* **WHAT NEEDS TO BE DONE**
Print each line below verbatim, skipping every picture.

* **GIVEN ENTRIES**
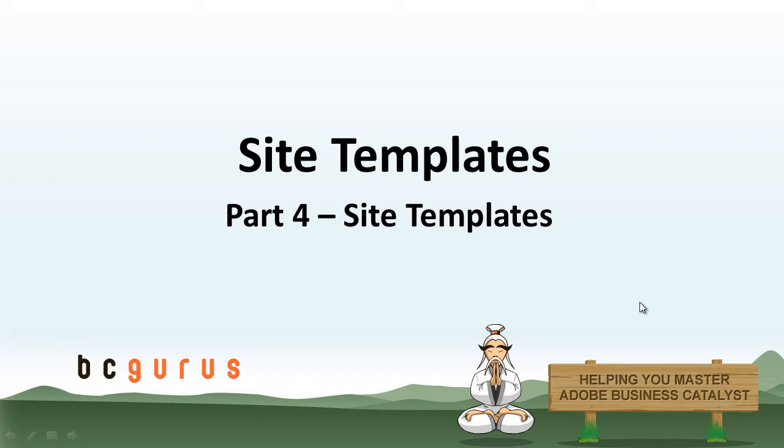Hello, this is Chad Smith with BCGurus, and on part four of our site templates video series, we're going to be talking about site templates.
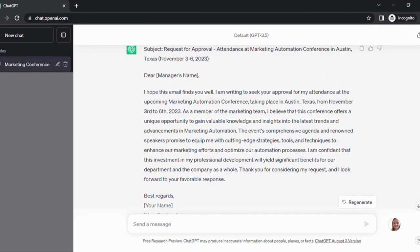It came up with something nice. It has a subject: Request for Approval — Attendance at Marketing Automation Conference in Austin, Texas, with the dates in parentheses. Dear Jenny, I hope this email finds you well. I'm writing to seek your approval for my attendance at the upcoming marketing automation conference taking place in Austin, Texas from November 3rd to 6th.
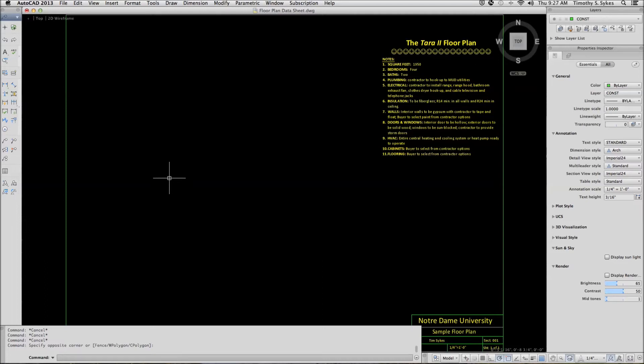This is exercise 19.1.1a, Creating a Table from Scratch, and 19.1.2a, Editing a Table's Properties. I am in the Floor Plan Data Sheet drawing file in the Steps Lesson 19 folder.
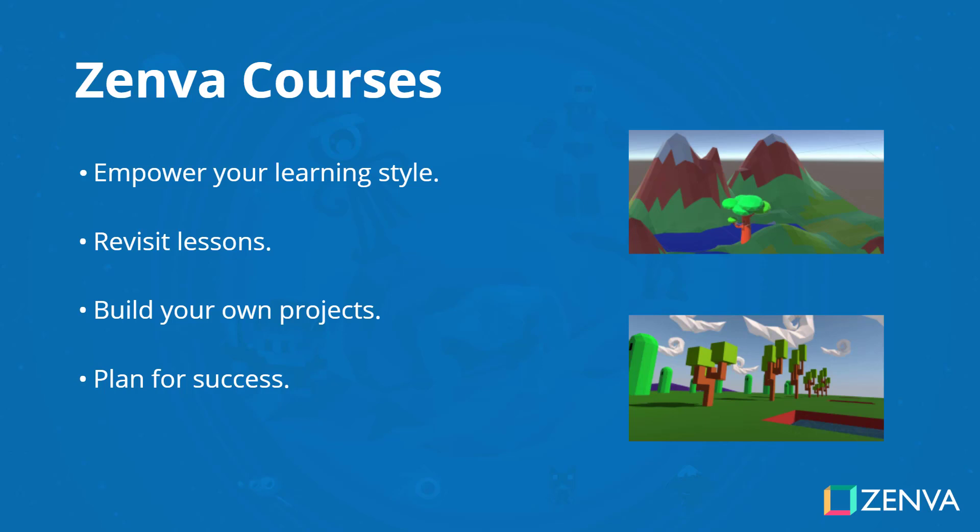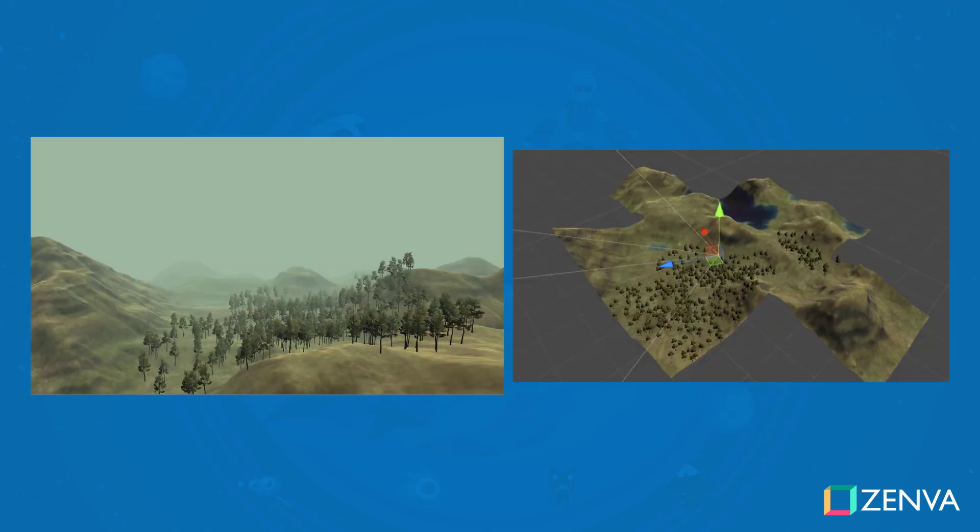You can choose to follow along with the video courses or even read the lesson summaries. With the included project files, you can also follow along with the projects as you make them throughout the course. I'll see you all in the first lesson where we begin to create our terrain.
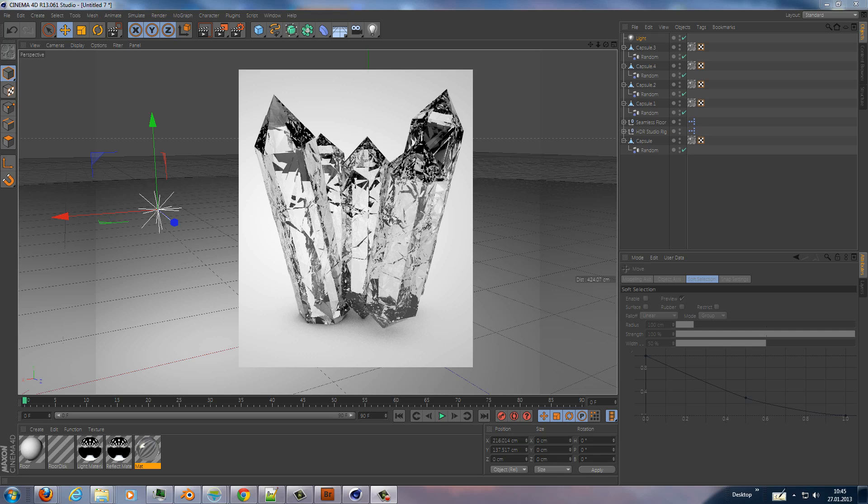Hello and welcome to this new video tutorial. My name is Michael Novello and this time I want to show you in Cinema 4D how you can create crystals like you see on the screen.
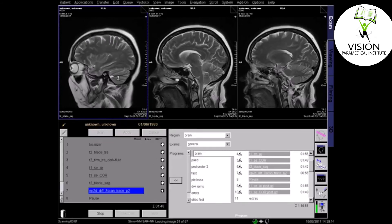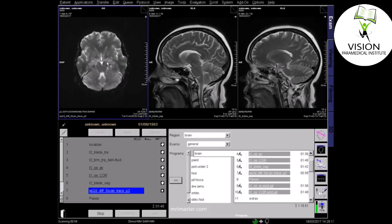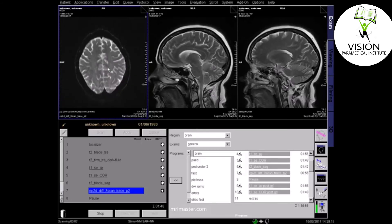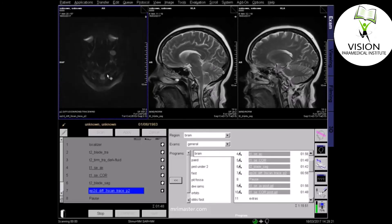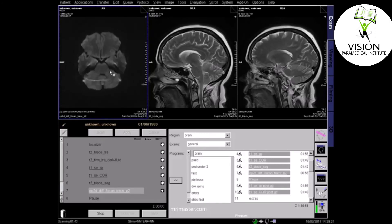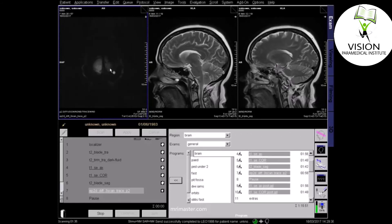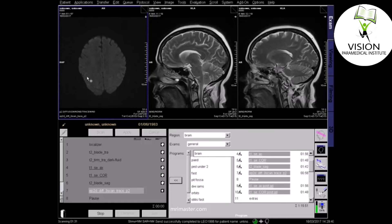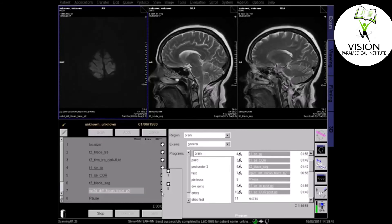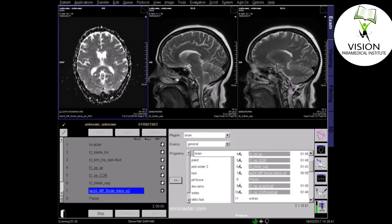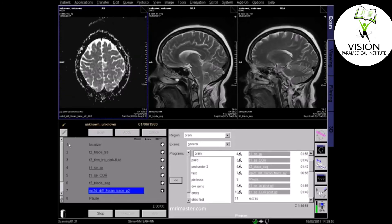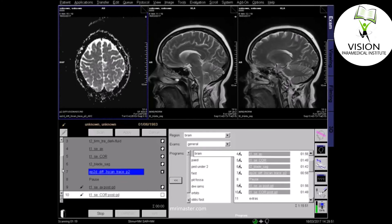The B0 diffusion scan sequence looks quite similar to a T2 because the diffusion value is 0. The B500 diffusion sequence and the B1000 sequence have progressively higher diffusion factors. At B1000, areas of restricted diffusion such as stroke will appear bright. On the ADC, or apparent diffusion coefficient map, areas of restricted diffusion appear dark.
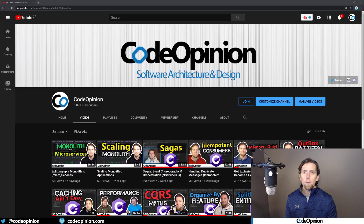Hey everybody, it's Derek Kilmartin from codeopinion.com. If you're new to my channel, I post videos on software architecture and design in .NET. So if you're into those topics, make sure to subscribe.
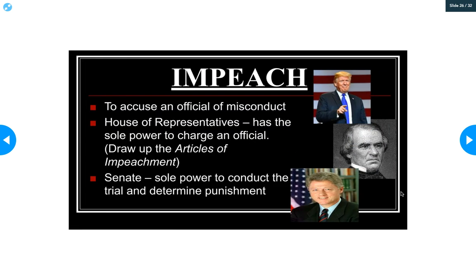Impeach means to accuse an official of misconduct — it does not mean removal. Three presidents have been impeached but none have been removed. The House of Representatives issues the accusation; the Senate acts as the court and determines whether to remove the official. The Senate has never voted to remove a president. Donald Trump, Andrew Johnson, and Bill Clinton have all been impeached but remained in office.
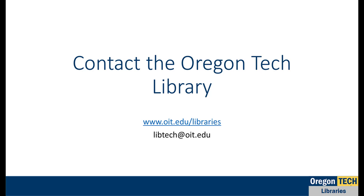Not all of your searches will yield the same results. So if you have questions, please don't hesitate to contact me or the Oregon Tech Library. Thank you for watching.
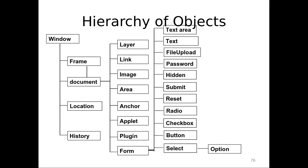Text, text area, file upload, password. You must have used this password field. Hidden. You are seeing the password hidden in some of the applications, right? That's it. The password hidden. Submit. We know what is it. Reset. We must have used it. The radio button. The check box. The button. We have used button already. Select option. All these are connected. All these are hierarchically connected right now as you are seeing in front of you. And this is called as the hierarchy of objects. That's it. We have got a hierarchy in front of us. And this is called hierarchy of objects. Very simple.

* **OUTPUT BELOW**
Hello, this is Chad Smith with BCGurus, and on part four of our site templates video series, we're going to be talking about site templates.
It came up with something nice. It has a subject: Request for Approval — Attendance at Marketing Automation Conference in Austin, Texas, with the dates in parentheses. Dear Jenny, I hope this email finds you well. I'm writing to seek your approval for my attendance at the upcoming marketing automation conference taking place in Austin, Texas from November 3rd to 6th.
This is exercise 19.1.1a, Creating a Table from Scratch, and 19.1.2a, Editing a Table's Properties. I am in the Floor Plan Data Sheet drawing file in the Steps Lesson 19 folder.
You can choose to follow along with the video courses or even read the lesson summaries. With the included project files, you can also follow along with the projects as you make them throughout the course. I'll see you all in the first lesson where we begin to create our terrain.
Hello and welcome to this new video tutorial. My name is Michael Novello and this time I want to show you in Cinema 4D how you can create crystals like you see on the screen.
The B0 diffusion scan sequence looks quite similar to a T2 because the diffusion value is 0. The B500 diffusion sequence and the B1000 sequence have progressively higher diffusion factors. At B1000, areas of restricted diffusion such as stroke will appear bright. On the ADC, or apparent diffusion coefficient map, areas of restricted diffusion appear dark.
Hey everybody, it's Derek Kilmartin from codeopinion.com. If you're new to my channel, I post videos on software architecture and design in .NET. So if you're into those topics, make sure to subscribe.
Impeach means to accuse an official of misconduct — it does not mean removal. Three presidents have been impeached but none have been removed. The House of Representatives issues the accusation; the Senate acts as the court and determines whether to remove the official. The Senate has never voted to remove a president. Donald Trump, Andrew Johnson, and Bill Clinton have all been impeached but remained in office.
Not all of your searches will yield the same results. So if you have questions, please don't hesitate to contact me or the Oregon Tech Library. Thank you for watching.
Text, text area, file upload, password. You must have used this password field. Hidden. You are seeing the password hidden in some of the applications, right? That's it. The password hidden. Submit. We know what is it. Reset. We must have used it. The radio button. The check box. The button. We have used button already. Select option. All these are connected. All these are hierarchically connected right now as you are seeing in front of you. And this is called as the hierarchy of objects. That's it. We have got a hierarchy in front of us. And this is called hierarchy of objects. Very simple.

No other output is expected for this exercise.